■ RECORDS SUPPLIED ■
************
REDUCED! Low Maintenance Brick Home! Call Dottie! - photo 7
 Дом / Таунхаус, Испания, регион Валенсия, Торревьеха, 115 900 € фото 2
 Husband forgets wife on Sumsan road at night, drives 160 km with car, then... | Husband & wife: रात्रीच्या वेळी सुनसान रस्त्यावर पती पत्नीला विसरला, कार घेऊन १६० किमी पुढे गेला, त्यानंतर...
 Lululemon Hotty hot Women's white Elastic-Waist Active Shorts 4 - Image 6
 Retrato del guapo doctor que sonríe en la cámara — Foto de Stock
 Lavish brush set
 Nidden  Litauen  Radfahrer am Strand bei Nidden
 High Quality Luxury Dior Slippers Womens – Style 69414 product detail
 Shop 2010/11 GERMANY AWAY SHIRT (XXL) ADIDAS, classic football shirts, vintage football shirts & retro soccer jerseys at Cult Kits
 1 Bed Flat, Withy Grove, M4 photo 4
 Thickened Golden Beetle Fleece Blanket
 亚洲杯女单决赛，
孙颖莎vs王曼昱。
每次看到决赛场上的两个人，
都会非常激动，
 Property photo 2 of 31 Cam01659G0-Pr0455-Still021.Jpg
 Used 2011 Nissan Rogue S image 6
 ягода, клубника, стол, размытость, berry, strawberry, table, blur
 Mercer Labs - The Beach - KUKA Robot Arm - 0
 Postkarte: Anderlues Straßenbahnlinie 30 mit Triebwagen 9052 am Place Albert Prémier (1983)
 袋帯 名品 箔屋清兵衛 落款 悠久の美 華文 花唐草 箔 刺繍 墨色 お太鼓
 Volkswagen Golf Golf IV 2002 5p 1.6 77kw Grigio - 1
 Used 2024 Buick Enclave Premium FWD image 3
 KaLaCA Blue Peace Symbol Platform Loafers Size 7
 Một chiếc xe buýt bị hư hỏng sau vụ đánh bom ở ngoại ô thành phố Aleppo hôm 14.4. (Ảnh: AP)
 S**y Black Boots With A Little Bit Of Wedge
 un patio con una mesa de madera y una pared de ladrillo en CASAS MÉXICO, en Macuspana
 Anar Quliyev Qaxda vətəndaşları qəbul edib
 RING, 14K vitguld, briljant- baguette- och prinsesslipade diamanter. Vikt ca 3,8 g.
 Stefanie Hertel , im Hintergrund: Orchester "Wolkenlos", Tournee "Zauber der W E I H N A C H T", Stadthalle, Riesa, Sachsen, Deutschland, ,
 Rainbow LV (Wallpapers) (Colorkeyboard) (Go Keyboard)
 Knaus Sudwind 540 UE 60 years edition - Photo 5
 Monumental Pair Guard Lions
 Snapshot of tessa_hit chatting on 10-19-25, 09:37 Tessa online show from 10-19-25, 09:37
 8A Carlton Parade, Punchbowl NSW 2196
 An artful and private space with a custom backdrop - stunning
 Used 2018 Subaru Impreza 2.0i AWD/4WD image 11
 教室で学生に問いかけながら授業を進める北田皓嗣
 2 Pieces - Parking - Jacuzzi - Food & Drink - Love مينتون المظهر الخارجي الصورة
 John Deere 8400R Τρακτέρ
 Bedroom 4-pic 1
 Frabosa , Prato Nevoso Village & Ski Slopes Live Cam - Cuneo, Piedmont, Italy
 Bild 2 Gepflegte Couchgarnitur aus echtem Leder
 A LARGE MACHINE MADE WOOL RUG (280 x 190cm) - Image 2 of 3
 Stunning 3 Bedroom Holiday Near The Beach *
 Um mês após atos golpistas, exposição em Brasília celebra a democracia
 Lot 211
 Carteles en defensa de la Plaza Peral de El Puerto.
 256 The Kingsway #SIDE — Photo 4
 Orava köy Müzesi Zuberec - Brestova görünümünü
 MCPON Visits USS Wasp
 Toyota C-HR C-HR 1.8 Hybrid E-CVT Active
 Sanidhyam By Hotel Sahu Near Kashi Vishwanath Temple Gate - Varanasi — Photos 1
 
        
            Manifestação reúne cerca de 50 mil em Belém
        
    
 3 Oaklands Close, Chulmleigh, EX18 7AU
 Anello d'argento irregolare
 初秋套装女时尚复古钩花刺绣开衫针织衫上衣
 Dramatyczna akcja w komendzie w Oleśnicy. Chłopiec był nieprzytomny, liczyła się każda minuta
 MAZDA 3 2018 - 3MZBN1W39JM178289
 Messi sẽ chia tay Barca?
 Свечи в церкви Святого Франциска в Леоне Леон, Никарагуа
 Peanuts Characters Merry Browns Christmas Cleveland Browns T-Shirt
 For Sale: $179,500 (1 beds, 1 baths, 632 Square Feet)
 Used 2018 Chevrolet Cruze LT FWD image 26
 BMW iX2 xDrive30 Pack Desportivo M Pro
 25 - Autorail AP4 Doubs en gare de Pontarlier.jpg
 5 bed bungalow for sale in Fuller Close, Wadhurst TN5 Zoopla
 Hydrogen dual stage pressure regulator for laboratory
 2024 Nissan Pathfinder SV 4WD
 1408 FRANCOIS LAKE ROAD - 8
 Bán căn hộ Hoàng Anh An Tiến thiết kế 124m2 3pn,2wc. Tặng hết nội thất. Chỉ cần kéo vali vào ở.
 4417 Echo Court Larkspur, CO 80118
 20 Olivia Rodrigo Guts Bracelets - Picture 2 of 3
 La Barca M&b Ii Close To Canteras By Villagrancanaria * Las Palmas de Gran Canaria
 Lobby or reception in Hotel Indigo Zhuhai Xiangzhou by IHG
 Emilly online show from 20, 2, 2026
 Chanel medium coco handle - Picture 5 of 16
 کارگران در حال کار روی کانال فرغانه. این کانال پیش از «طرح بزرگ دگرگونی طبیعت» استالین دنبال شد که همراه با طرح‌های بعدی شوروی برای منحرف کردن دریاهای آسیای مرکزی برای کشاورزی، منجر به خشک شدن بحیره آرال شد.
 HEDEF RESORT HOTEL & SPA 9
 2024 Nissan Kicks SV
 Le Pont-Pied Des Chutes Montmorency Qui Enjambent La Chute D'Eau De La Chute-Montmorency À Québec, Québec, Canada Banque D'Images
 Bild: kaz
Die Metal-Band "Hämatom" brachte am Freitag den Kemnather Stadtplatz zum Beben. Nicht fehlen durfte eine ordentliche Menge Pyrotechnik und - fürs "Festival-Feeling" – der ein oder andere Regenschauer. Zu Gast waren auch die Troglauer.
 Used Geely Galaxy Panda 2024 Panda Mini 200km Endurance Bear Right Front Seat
************
■ TO DO ■
Your reply is one number: how many lines of the records above contain the word "Bild".

■ SOLUTION TO THE EXERCISE ■
2